J Med Assoc Thai. 2007 Sep;90(9):1821-7

Authors: Mahawong P, Chaiyaprasithi B, Soontrapa S, Tappayuthapijarn P

OBJECTIVE: To study the efficacy of capsaicin in treating overactive bladder symptoms in benign prostatic hyperplasia patients. MATERIAL AND METHOD: A prospective study of 20 benign prostatic hyperplasia patients whose overactive bladder symptoms were not improved by alpha1 blocker Alpha1 blocker was taken about 22.9 +/- 17.2 months before and continued throughout 6 months duration of the present study. All of them had undergone intravesical capsaicin instillation at the Faculty of Medicine Siriraj Hospital, Bangkok, from 2004 to 2006. Both clinical and urodynamic data were evaluated before and after treatment. RESULTS: Mean urgency decreased from 6.7 +/- 5.1 at baseline to 2.0 +/- 2.3 (p < 0.005), 1.4 +/- 2.4 (p < 0.005), 1.3 +/- 2.2 (p < 0.005) at 1, 3 and 6 months. Mean urge incontinence decreased from 1.7 +/- 3.5 at baseline to 0.5 +/- 1.3 (p = 0.148), 0.4 +/- 1.2 (p = 0.114), 0.3 + 1.1 (p = 0.085) at 1, 3 and 6 months. Mean urinary frequency decreased from 13.7 +/- 3.3 at baseline to 10.5 +/- 2.8 (p < 0.005), 9.6 +/- 2.0 (p < 0.005), 9.5 +/- 2.6 (p < 0.005) at 1, 3 and 6 months. Mean nocturia decreased from 4.7 +/- 2.4 at baseline to 3.1 +/- 2.2 (p < 0.005), 2.7 +/- 1.2 (p < 0.005), 2.9 +/- 1.6 (p < 0.005) at 1, 3 and 6 months. Mean first desire to void increased from 172.5 +/- 100.4 ml at baseline to 210.6 +/- 99.5 ml (p = 0.016) at 1 month. Mean maximal cystometric capacity increased from 350.3 +/- 165.9 ml at baseline to 397.4 +/- 165.7 ml (p = 0.012) at 1 month.
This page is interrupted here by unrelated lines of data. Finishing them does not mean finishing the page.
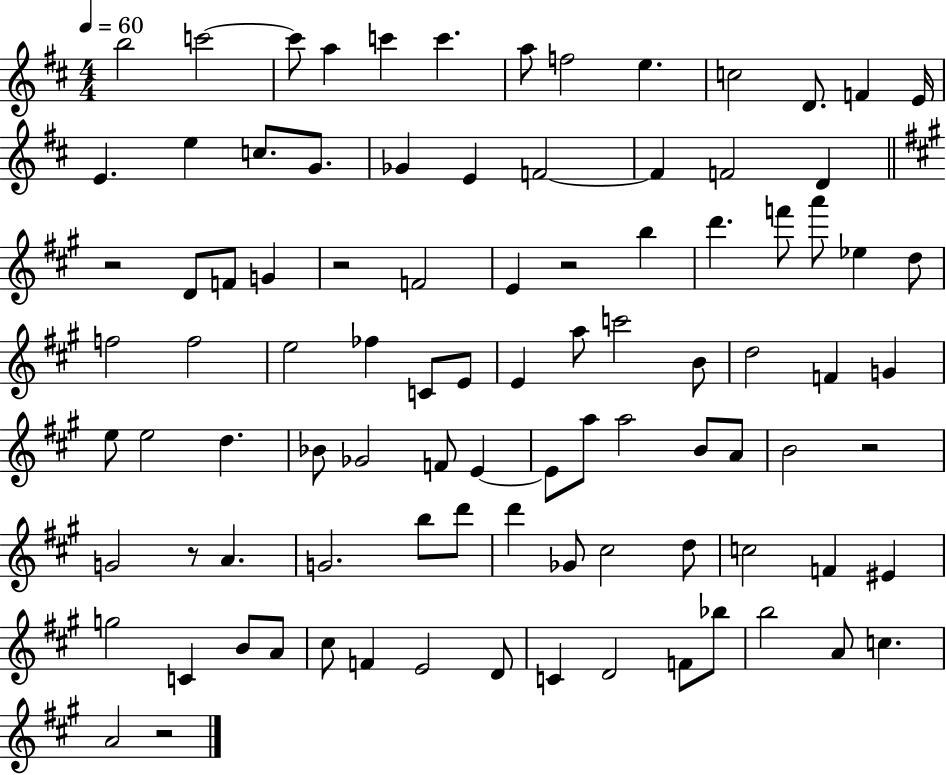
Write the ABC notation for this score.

X:1
T:Untitled
M:4/4
L:1/4
K:D
b2 c'2 c'/2 a c' c' a/2 f2 e c2 D/2 F E/4 E e c/2 G/2 _G E F2 F F2 D z2 D/2 F/2 G z2 F2 E z2 b d' f'/2 a'/2 _e d/2 f2 f2 e2 _f C/2 E/2 E a/2 c'2 B/2 d2 F G e/2 e2 d _B/2 _G2 F/2 E E/2 a/2 a2 B/2 A/2 B2 z2 G2 z/2 A G2 b/2 d'/2 d' _G/2 ^c2 d/2 c2 F ^E g2 C B/2 A/2 ^c/2 F E2 D/2 C D2 F/2 _b/2 b2 A/2 c A2 z2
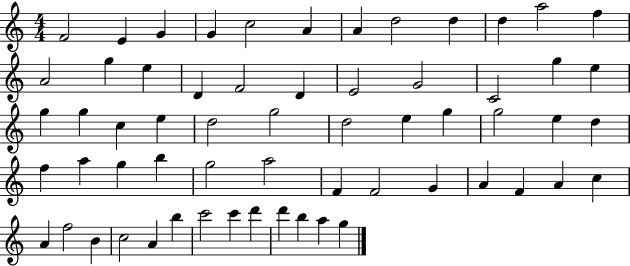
X:1
T:Untitled
M:4/4
L:1/4
K:C
F2 E G G c2 A A d2 d d a2 f A2 g e D F2 D E2 G2 C2 g e g g c e d2 g2 d2 e g g2 e d f a g b g2 a2 F F2 G A F A c A f2 B c2 A b c'2 c' d' d' b a g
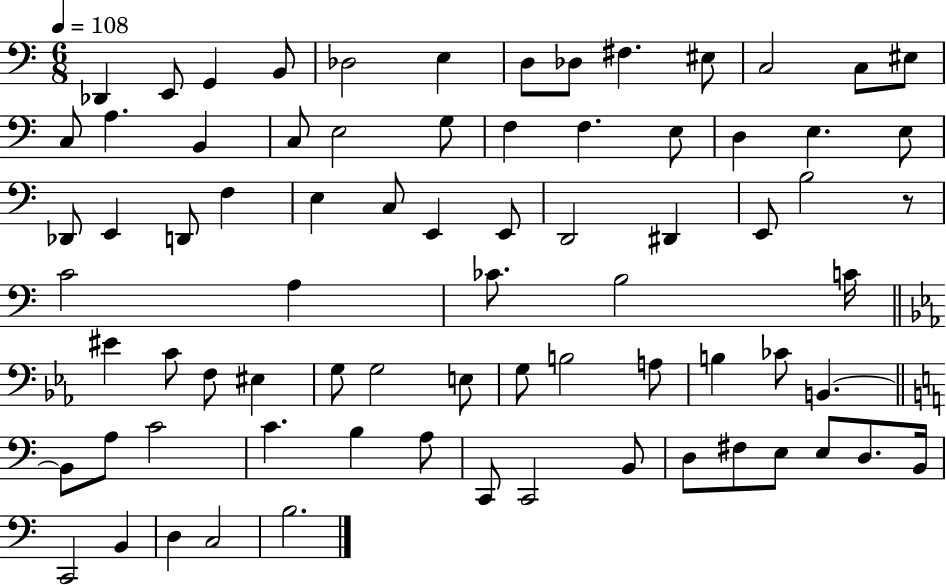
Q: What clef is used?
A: bass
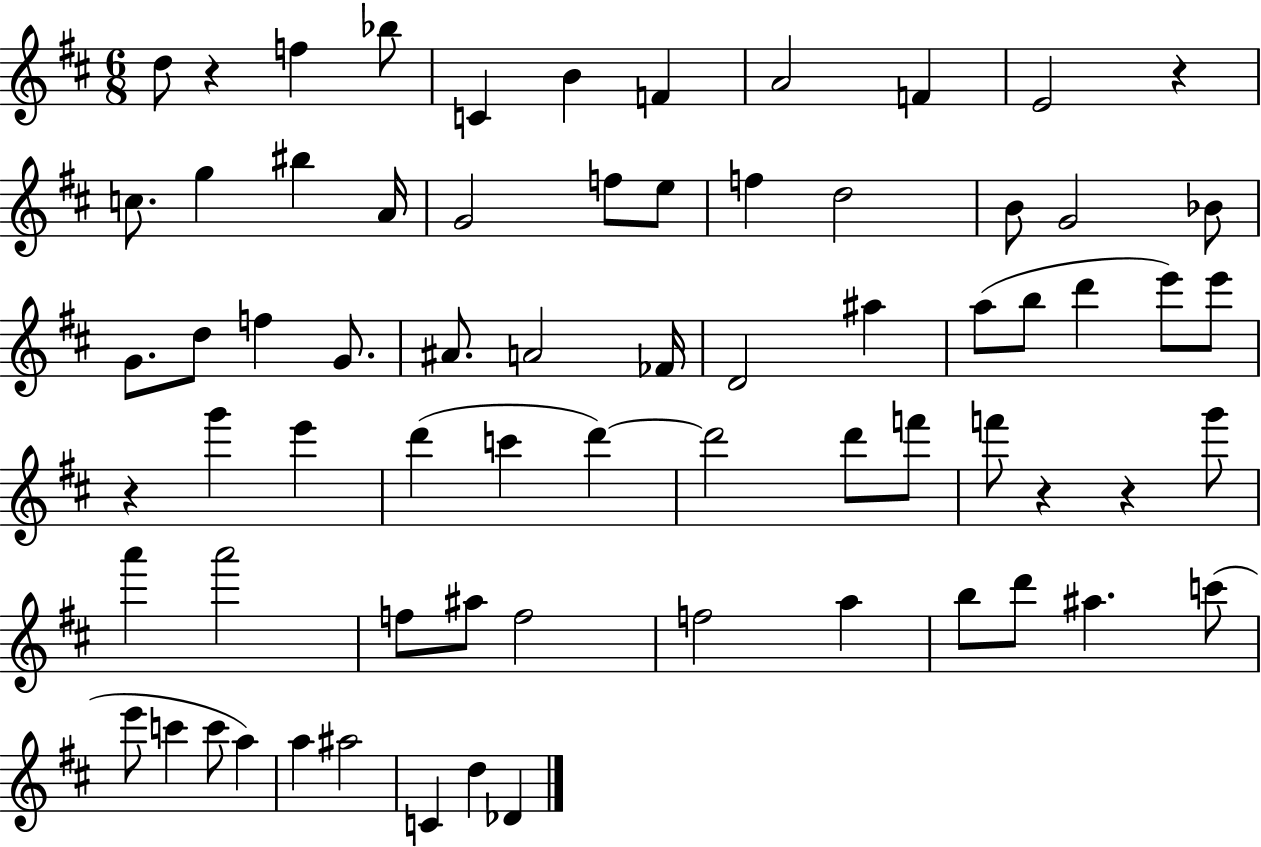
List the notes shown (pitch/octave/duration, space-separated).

Peak flow rate, detrusor pressure, and postvoid residual urine were not affected. No serious adverse effect occurred in the present study. CONCLUSION: Intravesical capsaicin instillation is an effective treatment for overactive bladder symptoms in benign prostatic hyperplasia patients.